Return every line from the one with "The Ptolemaic Understanding" through the one with "Maweii Plus Size", inclusive, exactly as it appears below.
[Opening Extracted data section]
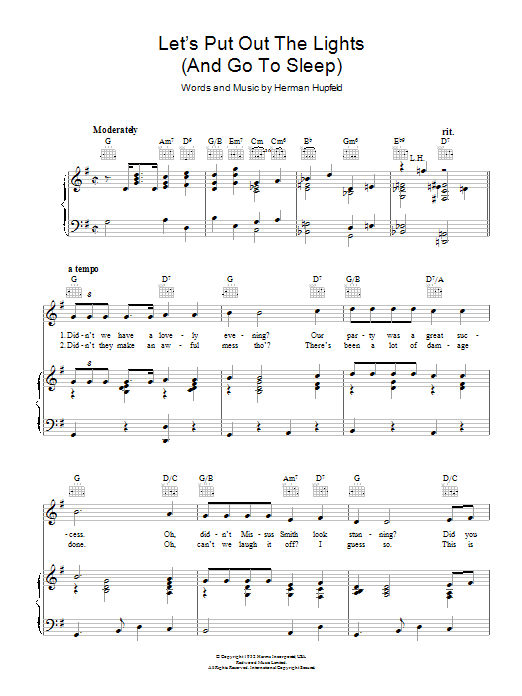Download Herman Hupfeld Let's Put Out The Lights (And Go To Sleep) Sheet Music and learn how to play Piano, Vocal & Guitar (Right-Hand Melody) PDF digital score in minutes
[Closing Extracted data section]
[Opening Extracted data section]
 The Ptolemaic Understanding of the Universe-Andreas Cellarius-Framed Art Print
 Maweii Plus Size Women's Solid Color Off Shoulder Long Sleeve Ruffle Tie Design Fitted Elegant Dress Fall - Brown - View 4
[Closing Extracted data section]
Exercise response
 The Ptolemaic Understanding of the Universe-Andreas Cellarius-Framed Art Print
 Maweii Plus Size Women's Solid Color Off Shoulder Long Sleeve Ruffle Tie Design Fitted Elegant Dress Fall - Brown - View 4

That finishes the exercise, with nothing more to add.